Since the beginning of the 20th century this 'quote' makes the rounds.
This was found attributed to him,
Could we prove at least some of these at the real source? For example in his letters and/or Tiedemann's memoirs which are for a large part online at archive.org (example). Although mostly written in fraktur and catastrophically OCRed.
That he might have said this in various forms ("gehaßt"/"durchgehaßt)", might sill be true. But another possible explanation for that could be that he simply said it that often, varying it himself. And that then being recorded differently and even accurately in different sources. But that seems not to be the case.

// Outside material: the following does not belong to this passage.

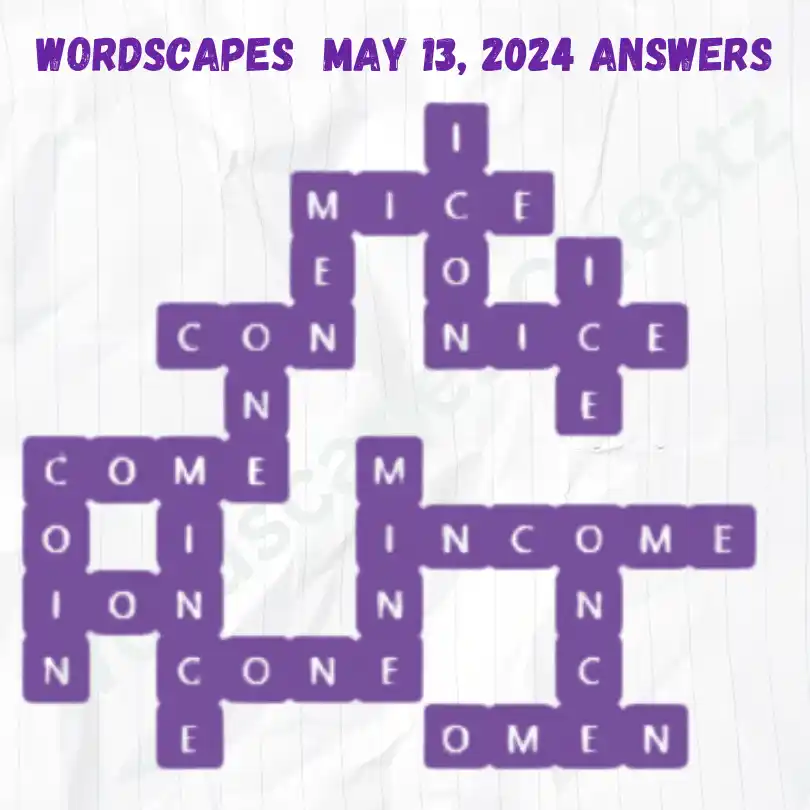 Wordscapes Daily Puzzle Answers for May 13, 2024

If it's in his diaries in one form, in a letter to his wife in another, in memoirs of Tiedemann in yet a third, then we would have three primary sources, two of top quality.
One such source is indeed

That scanned image shows what Prof. M Lappenküper's, from the Otto-von-Bismarck-Stiftung, believes is the main source. It reads:
Bei aller Kraft und Erregbarkeit seines Temperaments blieb doch ein kühler Realismus der Grundzug seines Wesens. Er sah die Dinge wie sie wirklich sind, unbeeinflußt durch schwächliche Empfindsamkeit. Er mag die ganze Skala der Gemüthsbewegungen durchgemacht haben und zwar mit der vollen Wucht seiner Persönlichkeit ("ich habe nicht schlafen können, ich habe die ganze Nacht gehaßt", sagte er mir eines Morgens) – ich glaube aber nicht daß er jemals sentimental oder pathetisch geworden ist. Wie jede Phrase war ihm jede Pose verhaßt und Posiren würde er es genannt haben, hätte er eine weichliche oder künstlich forcirte Stimmung zur Schau getragen.
Jetzt liegen alle jene Erinnerungen in nebelgrauer Ferne hinter mir. Die Bilder, die sich einst farbenprächtig dem Gedächtnisse eingeprägt, beginnen allmählich zu verblassen[…](p52)
–– Christoph von Tiedemann: "Persönliche Erinnerungen an den Fürsten Bismarck. Vortrag gehalten in der historischen Gesellschaft für den Netze-Distrikt in Bromberg am 18. November 1897", S Hirzel: Leipzig. 1898. (p42)
Translation: Despite all the strength and excitability of his temperament, a cool realism remained the main feature of his nature. He saw things as they really are, uninfluenced by weak sensitivity. He may have gone through the whole range of emotions with the full force of his personality ("I couldn't sleep, I hated the whole night," he told me one morning) – but I don't think he ever became sentimental or pathetic. Like every phrase, he hated every pose and would have called it posing if he had displayed a soft or artificially forced mood.
That is a Tiedemann source, which Lappenküper thinks is reliable (seriös). But in this same pamphlet Tiedemann is freely admitting that it is a vague and fading memory from long ago. He kept a diary, but he doesn't get into specifics regarding the date or opportunity for this quote. Just "he once said it".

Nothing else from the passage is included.